The attention of the whole company was now turned upon the speaker. He was an old gentleman, one side of whose face was no match for the other. The eyelid drooped and hung down like an unhinged window shutter. Indeed, the whole side of his head was dilapidated, and seemed like the wing of a house shut up and haunted. I'll warrant that side was well stuffed with ghost stories.
There was a universal demand for the tale.
"Nay," said the old gentleman, "it's a mere anecdote – and a very commonplace one; but such as it is you shall have it. It is a story that I once heard my uncle tell when I was a boy. But whether as having happened to himself or to another, I cannot recollect. But no matter, it's very likely it happened to himself, for he was a man very apt to meet with strange adventures. I have heard him tell of others much more singular. At any rate, we will suppose it happened to himself."
"What kind of man was your uncle?" said the questioning gentleman.

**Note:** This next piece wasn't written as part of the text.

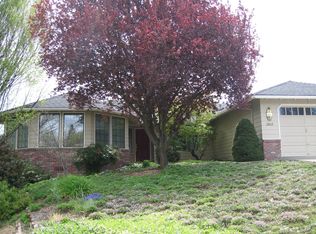 2860 Pinecrest Ct, Medford, OR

"Why, he was rather a dry, shrewd kind of body; a great traveller, and fond of telling his adventures."
"Pray, how old might he have been when this happened?"
"When what happened?" cried the gentleman with the flexible nose, impatiently – "Egad, you have not given any thing a chance to happen – come, never mind our uncle's age; let us have his adventures."

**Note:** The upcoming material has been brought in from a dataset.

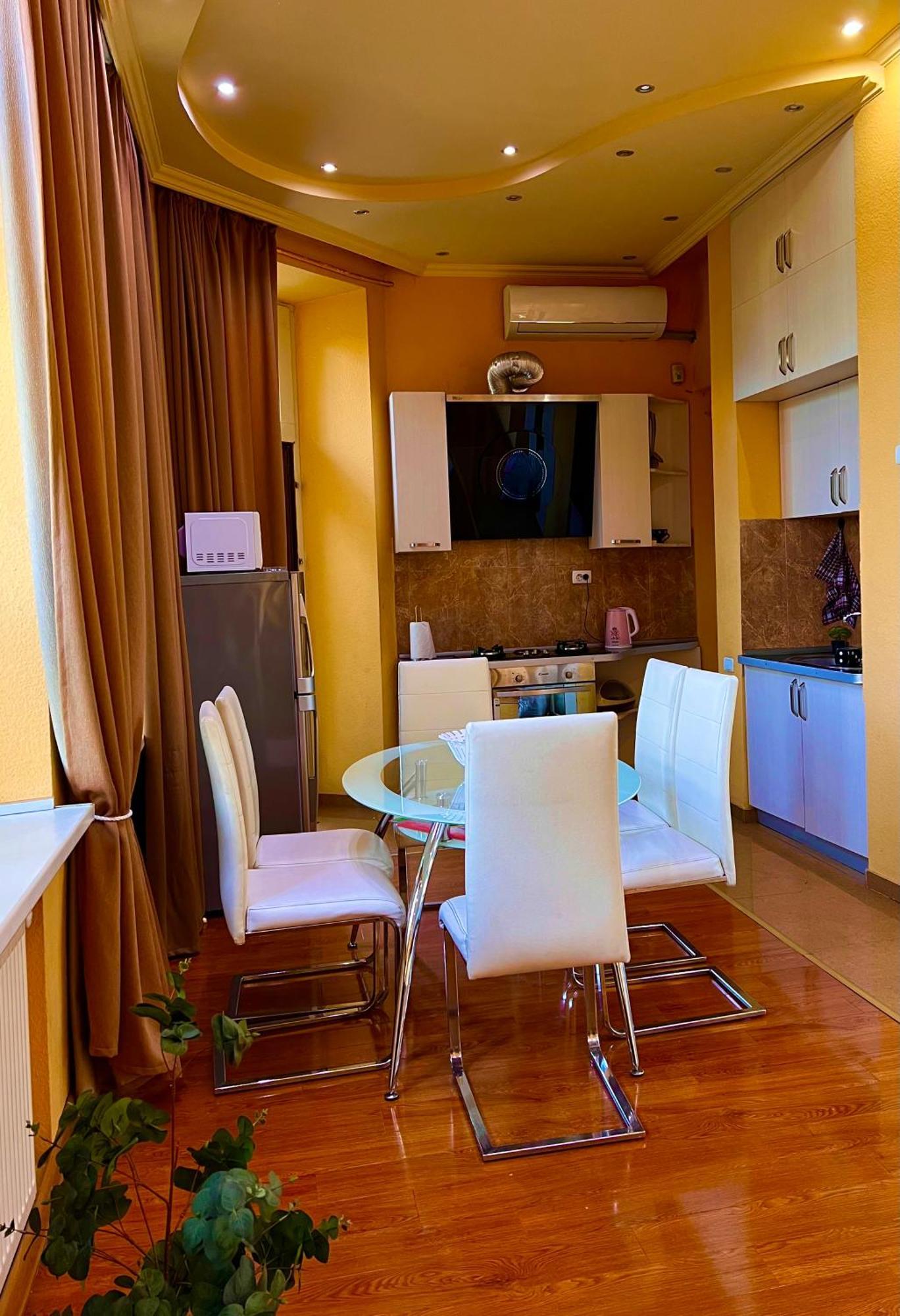 Old Ubani Apartment Tbilisi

The inquisitive gentleman being for the moment silenced, the old gentleman with the haunted head proceeded.
THE ADVENTURE OF MY UNCLE
Many years since, a long time before the French revolution, my uncle had passed several months at Paris. The English and French were on better terms, in those days, than at present, and mingled cordially together in society. The English went abroad to spend money then, and the French were always ready to help them: they go abroad to save money at present, and that they can do without French assistance. Perhaps the travelling English were fewer and choicer then, than at present, when the whole nation has broke loose, and inundated the continent. At any rate, they circulated more readily and currently in foreign society, and my uncle, during his residence in Paris, made many very intimate acquaintances among the French noblesse.
Some time afterwards, he was making a journey in the winter-time, in that part of Normandy called the Pays de Caux, when, as evening was closing in, he perceived the turrets of an ancient chateau rising out of the trees of its walled park, each turret with its high conical roof of gray slate, like a candle with an extinguisher on it.